Apply Stokes’ theorem to the Maxwell equation

$\operatorname{curl}(\vec{\text{E}})=-\frac{\partial \vec{\text{B}}}{\partial \text{t}} \nonumber$

and the small loop whose sides are L long and $$\delta$$ long as shown in Figure (10.1.2):

$\oint \vec{\text{E}} \cdot \vec{\text{d} \text{L}}=-\frac{\partial}{\partial \text{t}} \int \int_{\text {Area }} \vec{\text{B}} \cdot \text{d} \vec{\text{A}}. \nonumber$

One then takes the limit as the sides $$\delta$$ shrink to zero. The line integral of the electric field gives

$\oint \vec{\text{E}} \cdot \text{d} \vec{\text{L}}=\left(\text{E}_{\text{t} 1}-\text{E}_{\text{t} 2}\right) \text{L}, \nonumber$

where Et1 is the field component parallel with L in material number 1 (vacuum in this case) and Et2 is the electric field component parallel with L in material number 2. The flux of the magnetic field through the loop goes to zero as $$\delta$$ goes to zero, therefore

$\left(\text{E}_{\text{t} 1}-\text{E}_{\text{t} 2}\right)=0 \nonumber$ Figure $$\PageIndex{3}$$: The Maxwell equation $$\operatorname{curl}(\vec{\text{H}})=-\partial \vec{\text{D}} / \partial \text{t}$$ requires the tangential components of $$\vec H$$ to be continuous across any interface. See the text. Figure $$\PageIndex{4}$$: The Maxwell equation $$\operatorname{div}(\vec{\text{B}})=0$$ requires the normal component of $$\vec B$$ to be continuous across any interface. See the text.

or

$\text{E}_{\text{t} 1}=\text{E}_{\text{t} 2} . \label{10.23}$

At the boundary between two materials the transverse components of $$\vec E$$ must be continuous.

## 10.2.2 The Tangential Components of the Magnetic Field.
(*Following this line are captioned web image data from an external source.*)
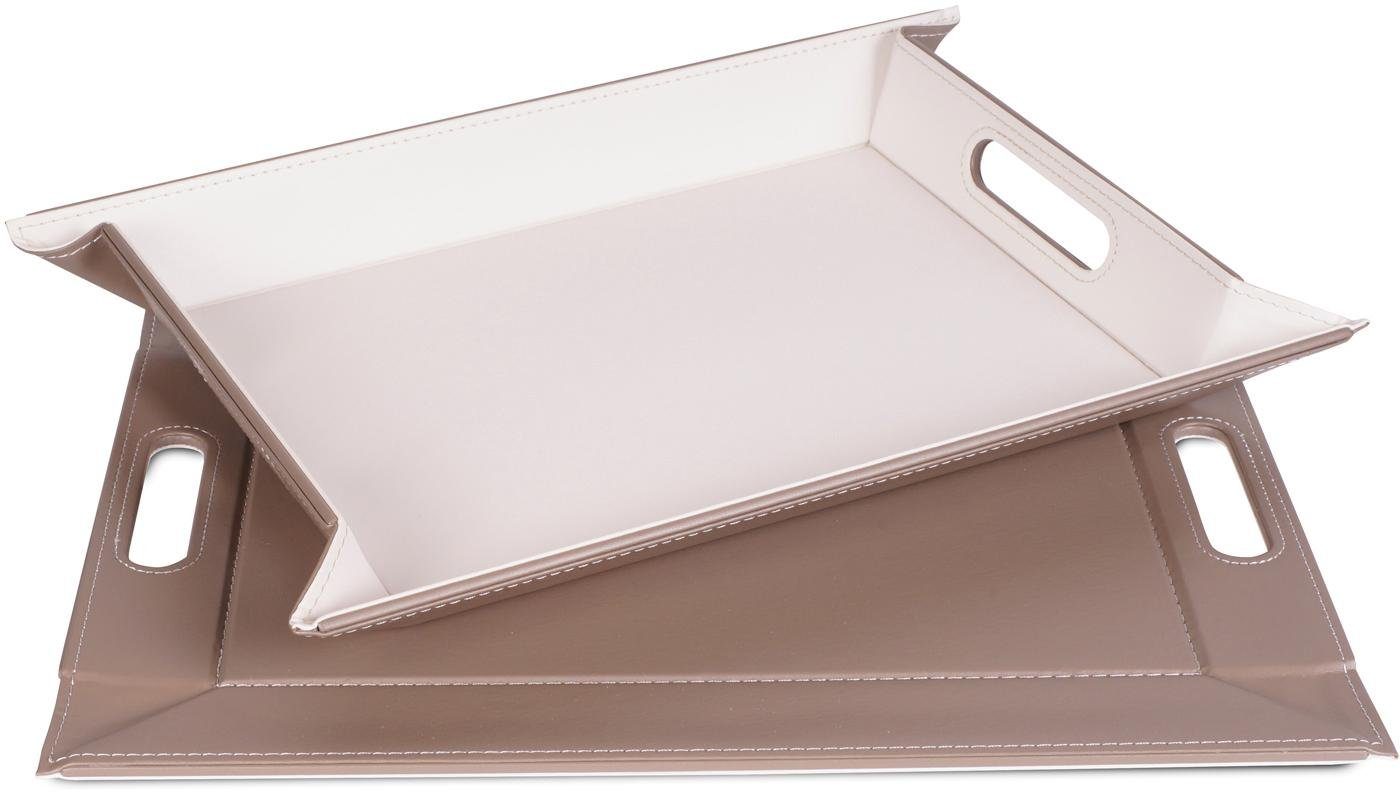 freeform Tablett DUO, 2-farbiges Wendetablett, Tablett und Tisch-Set in einem, wendbar, Kunstleder, (1-tlg), mit Doppelfunktion, pflegeleicht und kann platzsparend verstaut werden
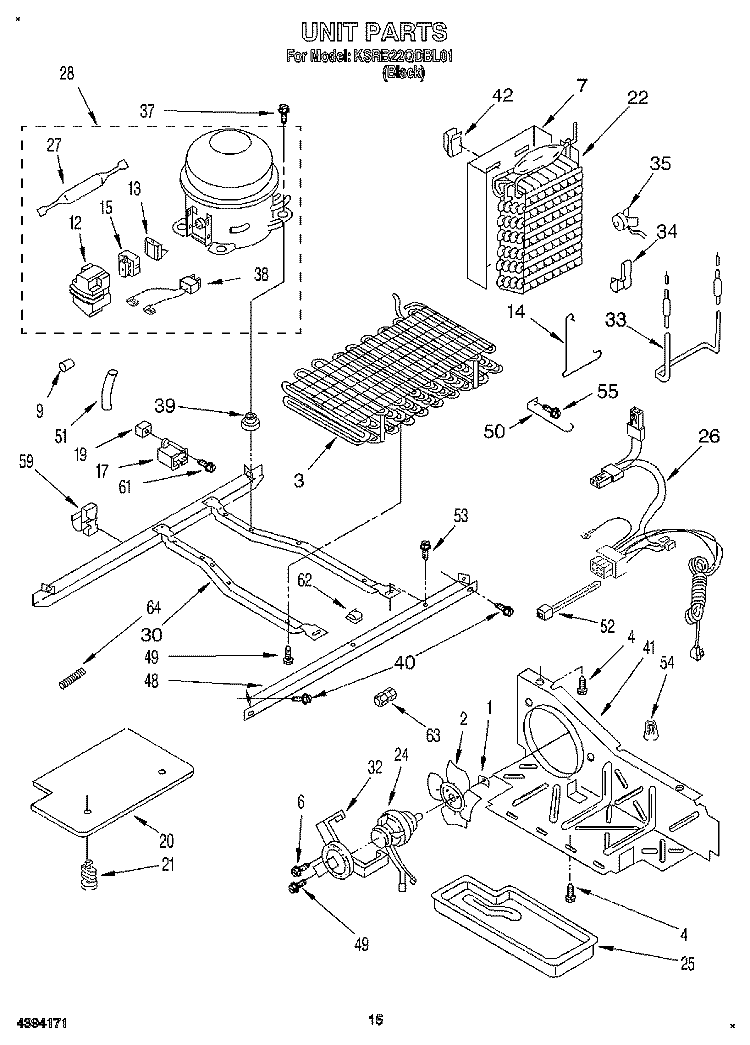UNIT Diagram and Parts List for KSRB22QDBL01  KitchenAid Refrigerator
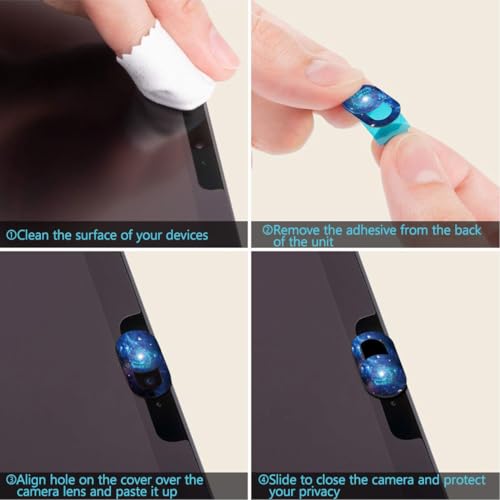 NUOBESTY 3pcs Ultra-Thin Webcam Cover Privacy Protector for Laptops Tablets and Desktops Easy to Use Secure Camera Lens Cover for Personal Privacy Protection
Apply Stokes’ theorem to a small loop as shown in fig(10.2.3):

$\operatorname{curl}(\vec{\text{H}})=\frac{\partial \vec{\text{D}}}{\partial \text{t}} , \nonumber$

where it has been assumed that there are no free currents in either material, and no surface free current density on the interface between material number(1) and material number(2). Therefore

$\oint_{C} \vec{\text{H}} \cdot \text{d} \vec{\text{L}}=\frac{\partial}{\partial \text{t}} \int \int_{A r e a} \vec{\text{D}} \cdot \vec{\text{d} \text{S}} . \nonumber$

Upon taking the limit as $$\delta$$ shrinks to zero the surface integral over $$\vec D$$ gives nothing and

$\left(\text{H}_{\text{t} 1}-\text{H}_{\text{t} 2}\right) \text{L}=0 , \nonumber$

that is

$\text{H}_{\text{t} 1}=\text{H}_{\text{t} 2} . \label{10.24}$

The transverse components of the magnetic field $$\vec H$$ must be continuous across the boundary between two materials.

## 10.2.3 The Normal Component of the Field B.

The normal component of the magnetic field $$\vec B$$ must be continuous across any interface as a consequence of the Maxwell equation $$d i v(\vec{\text{B}})=0$$; see Figure (10.2.4). In Figure (10.2.4) Gauss’ theorem is applied to a small pill-box that spans an arbitrary surface. The height of the pill-box, $$\delta$$, is taken to be so small that any contributions to the surface integral from the sides of the box can be neglected. The continuity of the normal component of $$\vec B$$ is then forced by the requirement that the surface integral of $$\vec B$$ over the pill-box be zero:

$\text{B}_{\text{n} 1}=\text{B}_{\text{n} 2} . \label{10.25}$